Source data:
==========

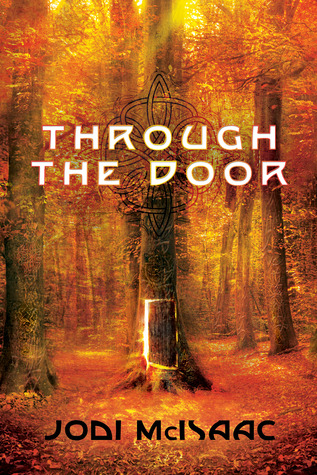 Through the Door (The Thin Veil, #1)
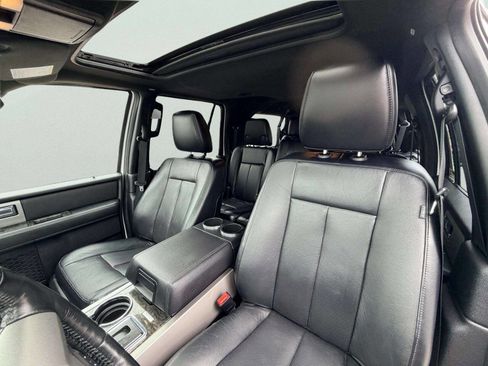 Used 2017 Ford Expedition EL Limited w/ Equipment Group 301A image 22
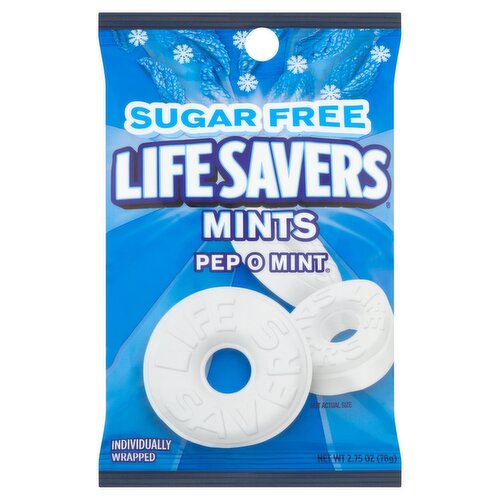 Life Savers Sugar Free Mints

==========

Exercise aim:
The answer must be the exact lines from the line with "Used 2017 Ford" to the final line of the data, both ends included, with no pictures.

Exercise response:
 Used 2017 Ford Expedition EL Limited w/ Equipment Group 301A image 22
 Life Savers Sugar Free Mints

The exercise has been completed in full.